TIMELINES: What everyday drug is patented by Germany’s Friedrich Bayer & Co March 6, 1899?

March 6, 2012 Updated: September 29, 2015

Tuesday, Mar. 6, 2012


On March 6, 1899, German pharmaceutical company Friedrich Bayer & Co. registers a patent with the Imperial Patent Office in Berlin, Germany, for a drug called acetylsalicylic acid, the scientific name for the widely used pain relieving medication know as Aspirin. The use of salicin, the active ingredient in acetylsalicylic acid, dates back to ancient times. The ancient Greeks used a primitive form of salicin found in willow trees for pain relief, despite its strong taste and adverse affects on the stomach. Felix Hoffmann, a young German pharmacist working for Bayer, is credited with developing a form of acetylsalicylic acid that is easier to take, paving the way for Bayer to corner the market on the pain-relieving drug. Despite Aspirin being widely attributed to Hoffman, there is evidence that Arthur Eichengrun—a Jewish chemist—actually developed it, but Eichengrun’s contributions are discredited during the Nazi era. After World War II, the United States seizes Bayer’s U.S. assets and sells them to Sterling Winthrop, for $5.3 million. The word Asprin derives from “a” for acetyl, “spir” from the spirea plant and the suffix “in”—commonly used in names for medications.

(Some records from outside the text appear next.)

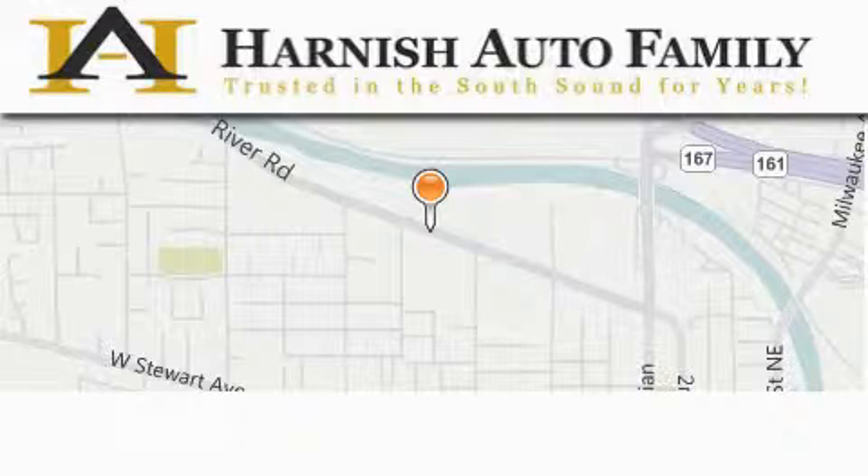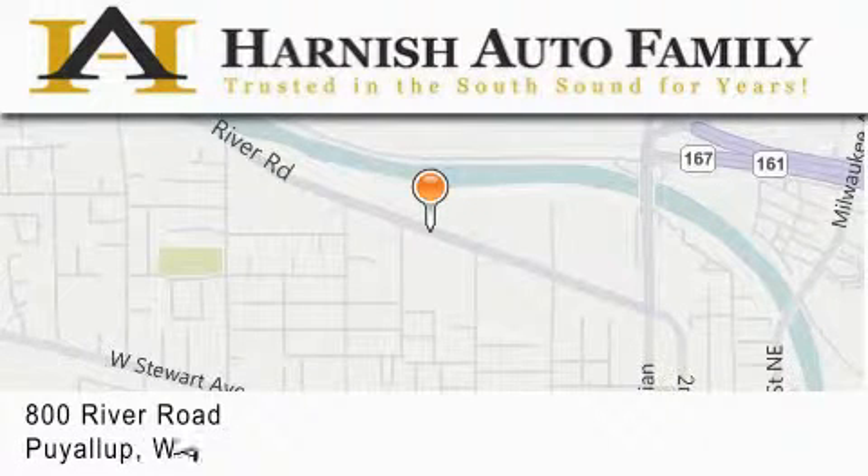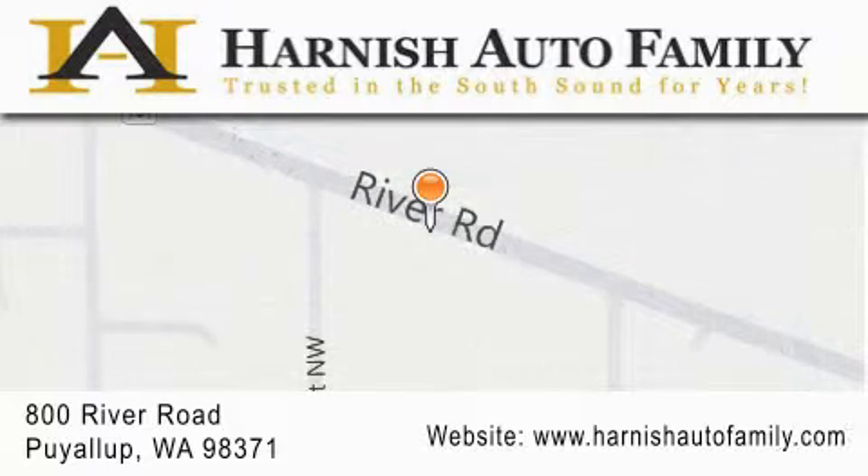Harnish Auto Family is located at 800 River Road in Puyallup. Our goal is to exceed all of your expectations to ensure that you'll return for future visits.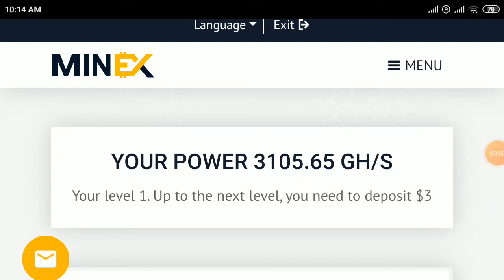Hey everyone, welcome to my Income Initiative channel. Today I'm providing three new free mining sites in this video.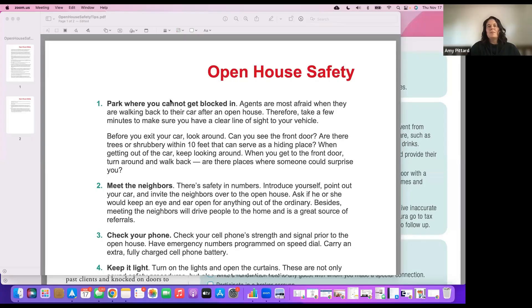First, let's talk about safety and security when it comes to open houses. You may not be holding your own listing open — you may be holding somebody else's listing. I prefer to look for vacant listings first, so there's less potential for something to walk out the door. If it's not vacant, there are a few extra steps I take when it comes to occupied homes.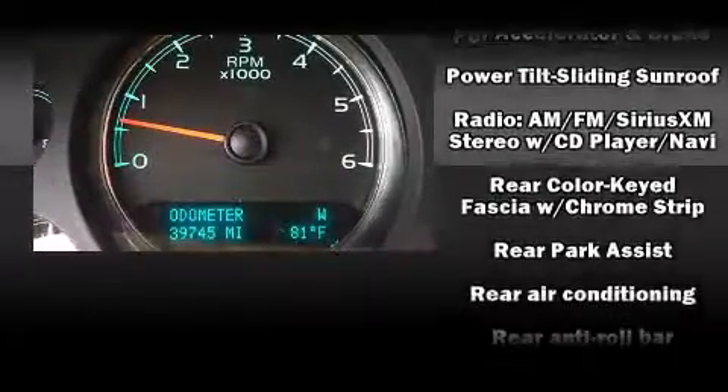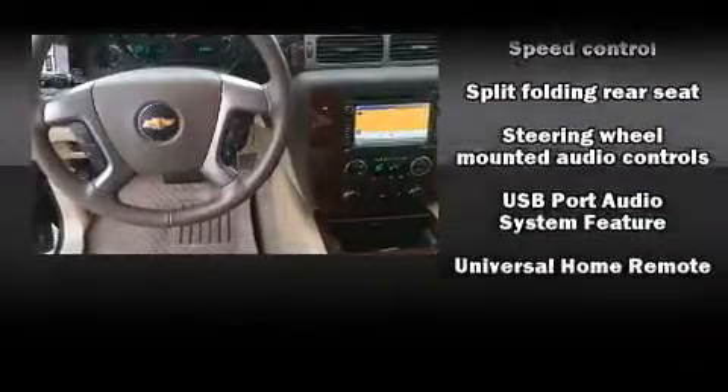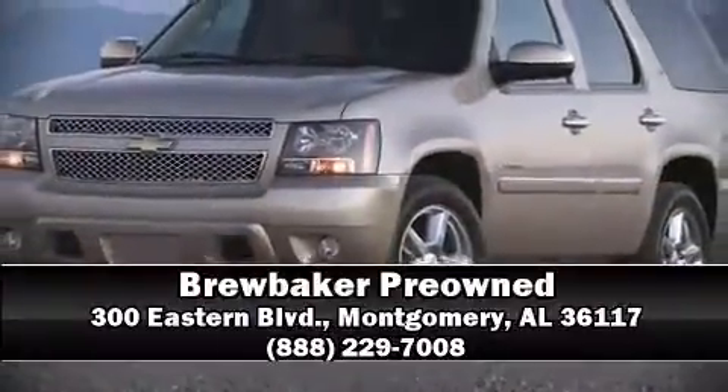A Carfax history report provides you peace of mind by detailing information related to past owners and service records. Stop by our dealership or give us a call for more information.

Last week, German pharmaceutical company Bayer AG reported a “solid” start to 2012 after nearly doubling profits last year. In 2011, Bayer AG reported net profits of 2.47 billion euros (US$3.3 billion)—an 89.9 percent increase from 2010. Bayer AG CEO Marijn Dekkers said, “one of our strengths continues to be our well-stocked development pipeline in pharmaceuticals. We were particularly successful here in 2011.” In 1994, Bayer reacquired its previously seized assets from Sterling Winthrop, allowing the German company to, again, profit from the sale of Aspirin in American markets. Photo Caption(s) & Photo Location(s)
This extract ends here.